[INFORMATION SHOWN]
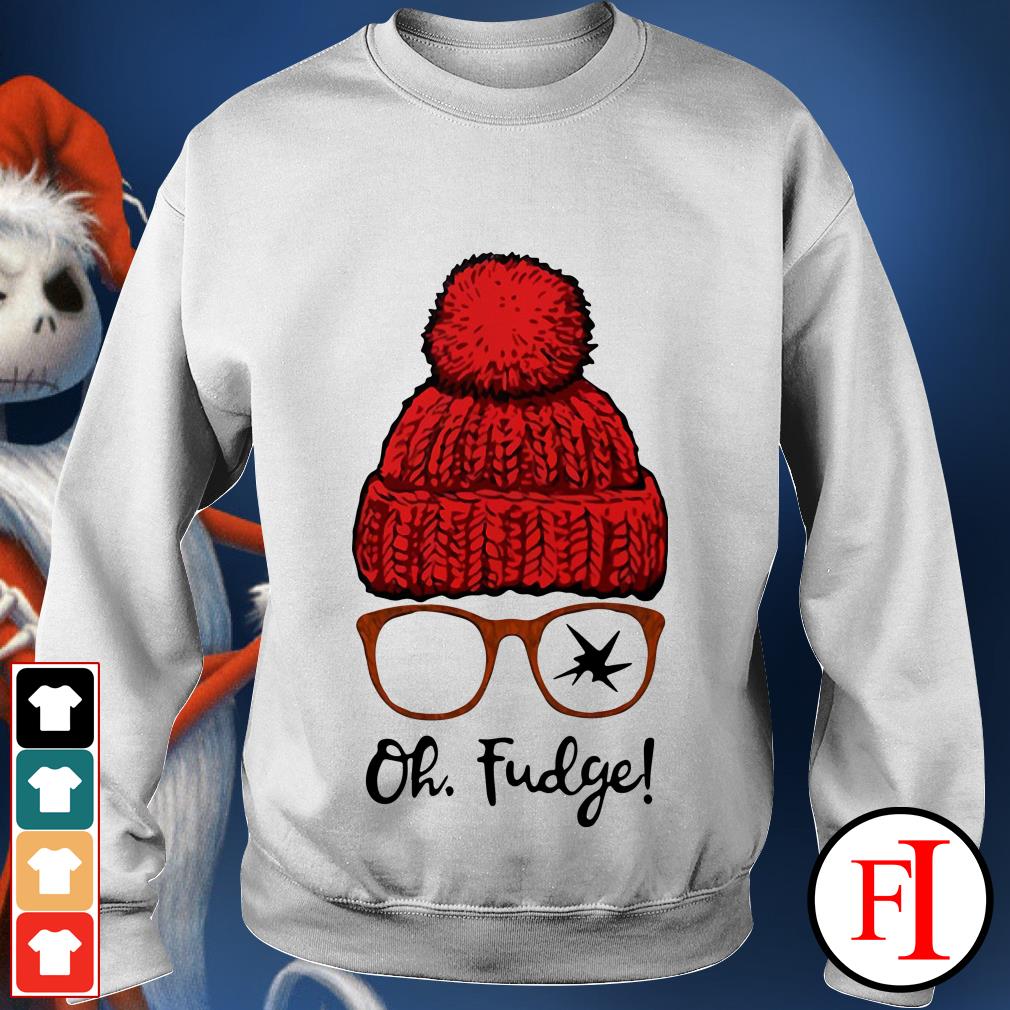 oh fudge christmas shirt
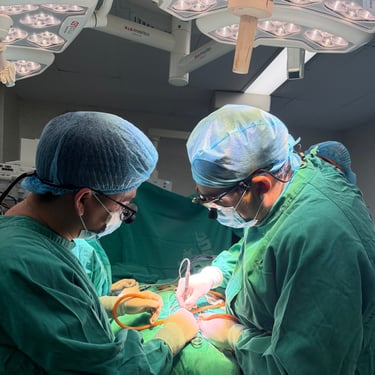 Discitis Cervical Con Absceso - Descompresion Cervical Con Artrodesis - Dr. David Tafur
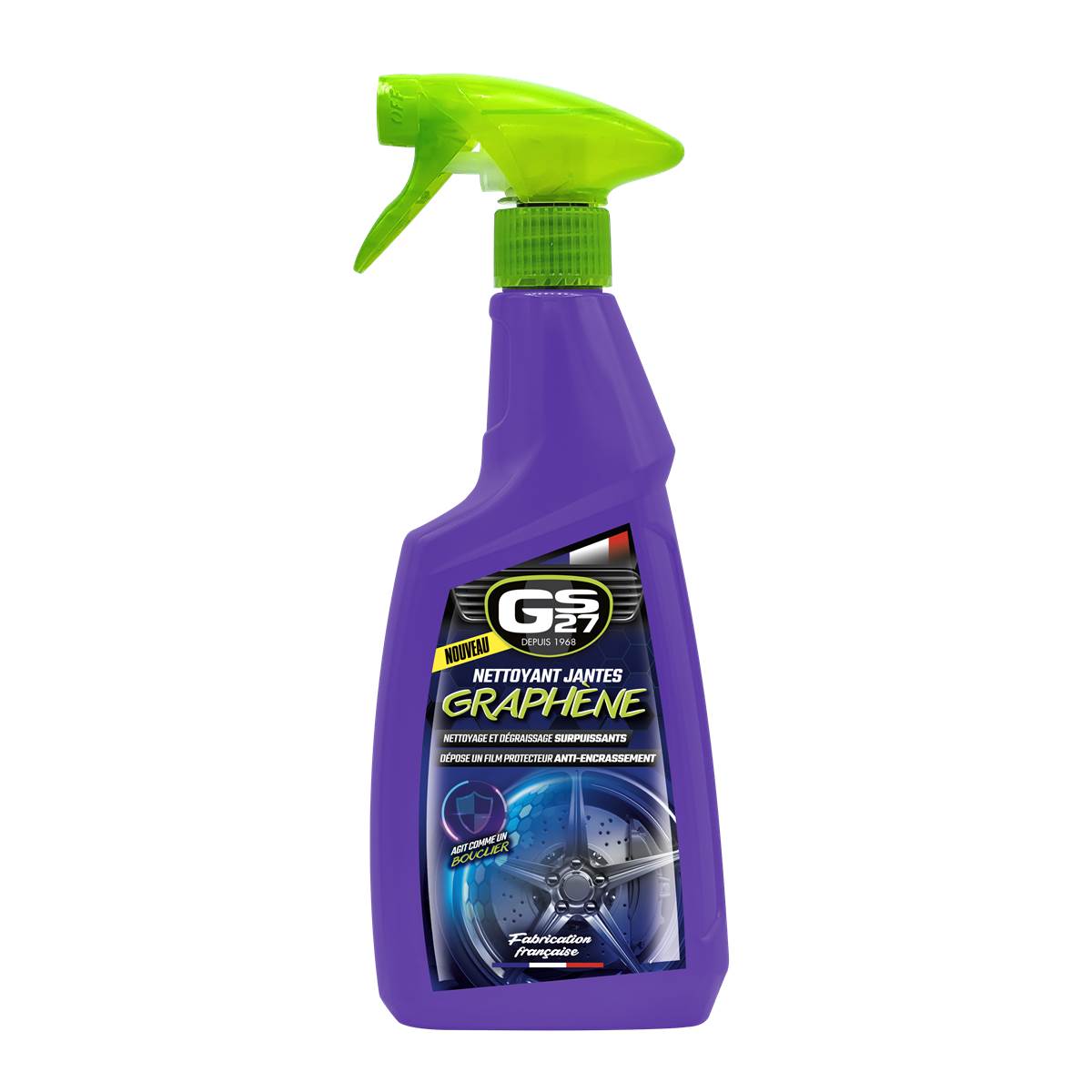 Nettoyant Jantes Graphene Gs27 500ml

[EXERCISE AIM]
Only the lines from the one containing "Discitis Cervical Con" through the final line of the data are to be written out, exactly as they stand and without pictures.

[EXERCISE ANSWER]
 Discitis Cervical Con Absceso - Descompresion Cervical Con Artrodesis - Dr. David Tafur
 Nettoyant Jantes Graphene Gs27 500ml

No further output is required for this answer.